God comes to ordinary women and men in the nitty-gritty areas of life. In the Old Testament, Samuel was the young carer for a frail old man. His work was simple: whenever the aging Eli needed anything — perhaps help getting dressed, going down the stairs, eating at meals, all Samuel had to do was be there and do whatever was needed. It was not exciting work, and it isn’t today for the tens of thousands of carers who do the same thing every day for frail old people. But it was while he was doing his caring work, God called him.

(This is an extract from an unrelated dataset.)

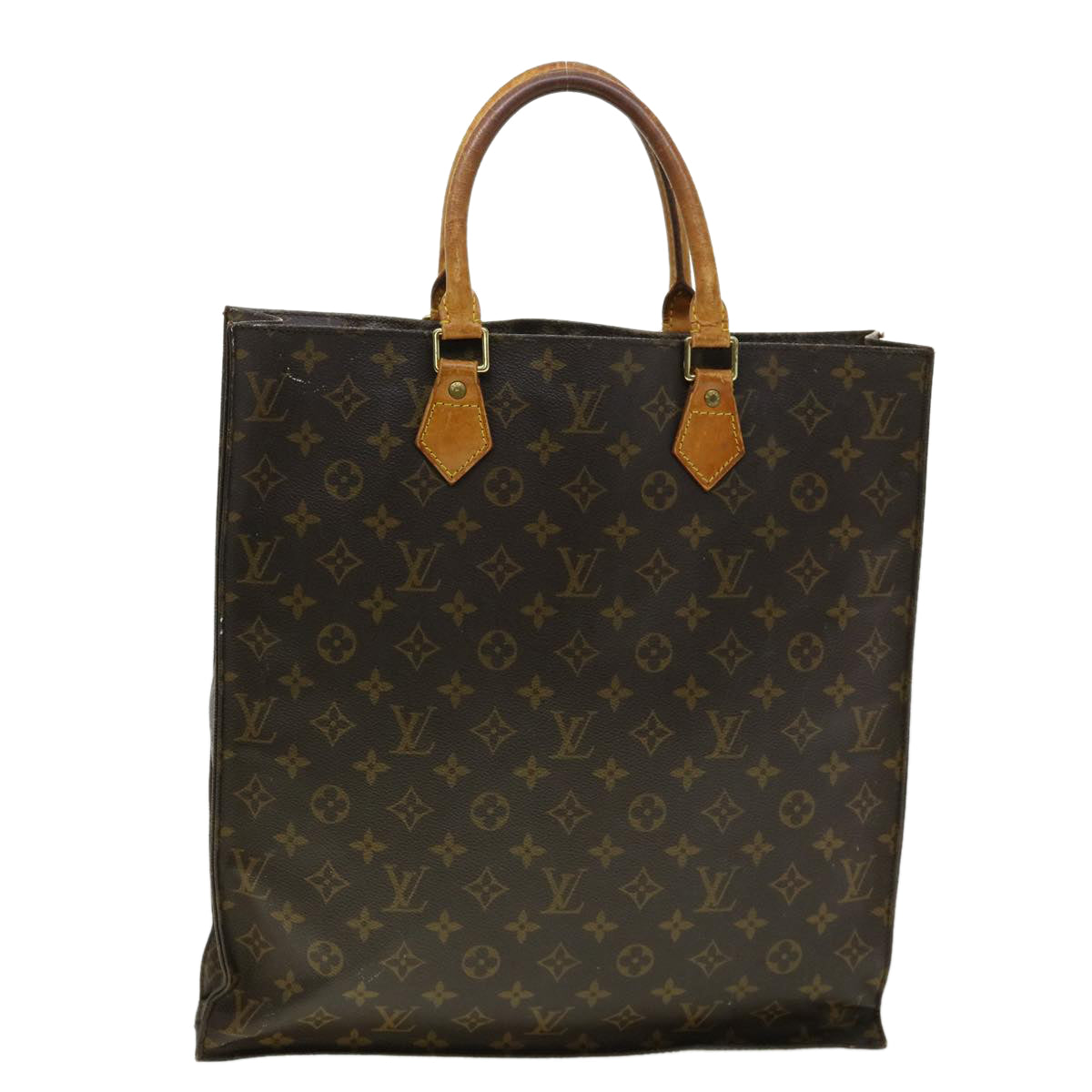 LOUIS VUITTON Monogram Sac Plat Hand Bag M51140 LV Auth bs1747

In the New Testament, Nathaniel studied the Torah in the shade of a fig tree when his brother Philip, with seemingly child-like faith said he had just met Jesus, the son of Joseph, from Nazareth. He could be the Messiah. Nathaniel replied that anyone who knew anything about Scripture should know that the Messiah would not come from Nazareth. Jerusalem perhaps, but how could anything good come from Nazareth? Then Jesus came to him and said, “I saw you under the fig tree.” Nathaniel then knew, and he got up and spent the rest of his life as a disciple of Jesus. Jesus comes to us in the illogical, the unexpected and even the absurd. But then we know. John’s Gospel records how Jesus came to a number of people on the day of the resurrection: first to Mary as she stood sadly in tears in the garden, then to ten of the disciples who met in fear behind locked doors, then to the same ten again but this time when doubting Thomas was present. Then the disciples cheerfully went back to their work with the boats and fishing nets, when the risen Jesus who had come to them in despair, in fear and in doubt, now came to them while they were at work.

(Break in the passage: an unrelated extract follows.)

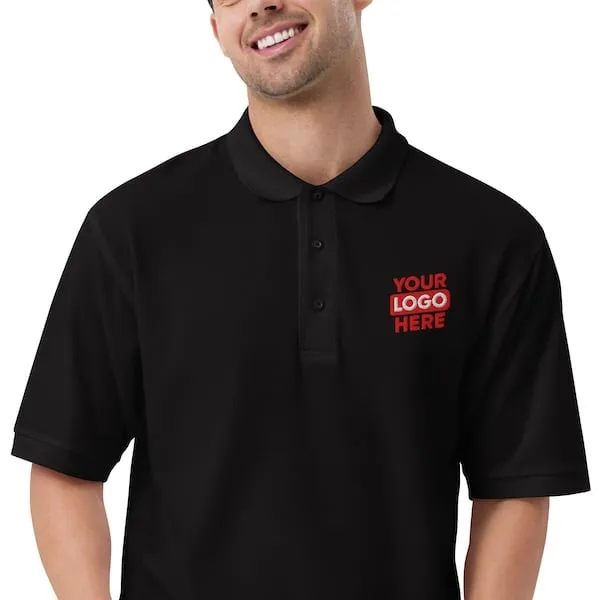 Happy man wearing a corporate polo shirt that has been embroidered with a company logo to represent products available in Phoenix and the surrounding PHX.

He came to them where they were, when they needed Him and despite their own attitudes. So many people in Australia today live with tears and fears, and He comes to them. Despair, fear and doubt sap the life forces from people. But He comes and answers their despair, fear and doubt. Other people live cheerfully going about their work, with faith squeezed out of their lives. But they meet Jesus when they least expect it:

1. IN YOUR GARDEN WHEN YOU ARE TEARFUL.

People say, “You are closer to God in the garden than anywhere else on earth.” So they seek God among the roses, or on the hiking trail in the State Forrest. Or under the stars. But He comes to them unexpectedly in the midst of their ordinary lives, “the daily round, the common task.” God is with us in the messy stuff, like career changes, household moves, university exams, shifting patterns in family life and relationships. My mother was a young widow in her thirties with four small children and a pile of debts. My father suddenly died at 38 of alcoholism. She was always in tears. She was so alone. I was only 8 and did not realize that what she needed was someone to hug her. Boys do not hug their mothers. Then my younger brother Robbie, who had been born of Christmas day, became ill. Rheumatic fever enlarged his heart and he slowly and painfully began to die. My mother needed comfort. She needed God. Every Christmas Day for years after Robbie died, she would take flowers to the cemetery to the one grave where she laid the bodies of her husband and he son.

The best rose gardens in the country are in the Crematoria, fertilized by the ashes of long cherished people. Here people kneel and stand in tears remembering, hoping for comfort. Mary came to the tomb of Jesus in the garden in tears and grief. She needed comfort. Conscious of someone behind her she thought He was the gardener until he spoke one word, her name. “Mary”. And swinging round she dropped to her knees and the arms of comfort came around her in that most unexpected manner, in the most unexpected place, and in the midst of her tears. Jesus comes to us in the most unexpected places, even in the garden in tears.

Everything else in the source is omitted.